Wir wollen primär den Güterverkehr verbessern, jedoch auch den Regionalverkehr im Tessin, denn aus SBB-Gesamtsicht geht es nicht einfach darum, mit dem Ceneri 2020 einfach einen weiteren Tunnel in Betrieb zunehmen. 2020 wird dann mit dem Schweizer InterCity Giruno ein neuer Zug über die Nord–Süd-Achse fahren, um die Verbindung Mailand–Zürich unter drei Stunden zu bewältigen. Diese Fahrzeit ist sehr wichtig, um international konkurrenzfähig zu sein und attraktive Anschlüsse zu ermöglichen. Deshalb werden wir auch unterwegs nicht überall halten könnten, zum Beispiel in Chiasso.

Gotthard- und Ceneritunnel wurden vor allem zu Verlagerungszwecken des Güterverkehrs gebaut.

Das stimmt. Tatsächlich besteht eine weitere grosse Herausforderung im Güterverkehr, wo die internationale Zusammenarbeit verbessert werden muss – von den Niederlangen über Deutschland und die Schweiz bis Italien.

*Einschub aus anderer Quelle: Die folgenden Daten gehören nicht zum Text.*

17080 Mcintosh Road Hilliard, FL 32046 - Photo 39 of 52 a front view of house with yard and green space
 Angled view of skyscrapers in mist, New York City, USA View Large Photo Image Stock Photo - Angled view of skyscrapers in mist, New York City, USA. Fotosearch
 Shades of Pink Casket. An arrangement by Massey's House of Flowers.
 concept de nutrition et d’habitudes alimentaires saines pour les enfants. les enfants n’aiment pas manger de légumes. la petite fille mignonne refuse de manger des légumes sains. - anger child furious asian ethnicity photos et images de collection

Die Wartezeiten für Güterzüge müssen verkürzt werden. Daran arbeiten wir mit unseren europäischen Partnern. Die Krise von Rastatt, wo vor einem Jahr die wichtigste Nord–Süd-Bahnlinie unterbrochen war, hat auch etwas Positives ausgelöst. Der Handlungsbedarf wurde europäisch erkannt. Und die SBB gehen aus der Krise mit Rückenwind hervor, denn wir haben viel initiiert und sind international Treiber, um die Branche voranzubringen.